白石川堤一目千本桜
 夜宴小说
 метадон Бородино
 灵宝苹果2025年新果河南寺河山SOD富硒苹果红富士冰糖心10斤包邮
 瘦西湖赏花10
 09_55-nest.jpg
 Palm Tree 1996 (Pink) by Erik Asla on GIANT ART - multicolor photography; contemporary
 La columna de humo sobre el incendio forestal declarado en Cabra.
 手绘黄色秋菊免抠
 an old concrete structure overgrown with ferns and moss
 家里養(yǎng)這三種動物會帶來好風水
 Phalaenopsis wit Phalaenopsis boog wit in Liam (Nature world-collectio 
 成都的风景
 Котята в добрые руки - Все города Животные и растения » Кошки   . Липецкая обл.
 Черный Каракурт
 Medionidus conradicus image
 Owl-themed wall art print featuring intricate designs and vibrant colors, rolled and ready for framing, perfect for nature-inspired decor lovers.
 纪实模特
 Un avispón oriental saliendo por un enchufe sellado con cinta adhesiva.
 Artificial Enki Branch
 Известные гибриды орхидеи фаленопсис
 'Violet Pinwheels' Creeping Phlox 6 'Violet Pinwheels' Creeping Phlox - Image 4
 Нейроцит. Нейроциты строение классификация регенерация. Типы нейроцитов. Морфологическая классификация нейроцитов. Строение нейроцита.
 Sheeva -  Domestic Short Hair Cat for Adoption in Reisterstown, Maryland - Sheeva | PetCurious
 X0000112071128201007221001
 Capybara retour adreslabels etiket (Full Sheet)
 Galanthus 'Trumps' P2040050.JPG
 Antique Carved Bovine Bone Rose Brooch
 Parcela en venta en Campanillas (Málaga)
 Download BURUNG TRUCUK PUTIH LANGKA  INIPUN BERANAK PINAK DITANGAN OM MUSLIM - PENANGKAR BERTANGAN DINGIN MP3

------------------------------------------------------------

Find "09_55-nest.jpg" in the data above, then repeat that line and all lines after it exactly, ending with the final line.

 09_55-nest.jpg
 Palm Tree 1996 (Pink) by Erik Asla on GIANT ART - multicolor photography; contemporary
 La columna de humo sobre el incendio forestal declarado en Cabra.
 手绘黄色秋菊免抠
 an old concrete structure overgrown with ferns and moss
 家里養(yǎng)這三種動物會帶來好風水
 Phalaenopsis wit Phalaenopsis boog wit in Liam (Nature world-collectio 
 成都的风景
 Котята в добрые руки - Все города Животные и растения » Кошки   . Липецкая обл.
 Черный Каракурт
 Medionidus conradicus image
 Owl-themed wall art print featuring intricate designs and vibrant colors, rolled and ready for framing, perfect for nature-inspired decor lovers.
 纪实模特
 Un avispón oriental saliendo por un enchufe sellado con cinta adhesiva.
 Artificial Enki Branch
 Известные гибриды орхидеи фаленопсис
 'Violet Pinwheels' Creeping Phlox 6 'Violet Pinwheels' Creeping Phlox - Image 4
 Нейроцит. Нейроциты строение классификация регенерация. Типы нейроцитов. Морфологическая классификация нейроцитов. Строение нейроцита.
 Sheeva -  Domestic Short Hair Cat for Adoption in Reisterstown, Maryland - Sheeva | PetCurious
 X0000112071128201007221001
 Capybara retour adreslabels etiket (Full Sheet)
 Galanthus 'Trumps' P2040050.JPG
 Antique Carved Bovine Bone Rose Brooch
 Parcela en venta en Campanillas (Málaga)
 Download BURUNG TRUCUK PUTIH LANGKA  INIPUN BERANAK PINAK DITANGAN OM MUSLIM - PENANGKAR BERTANGAN DINGIN MP3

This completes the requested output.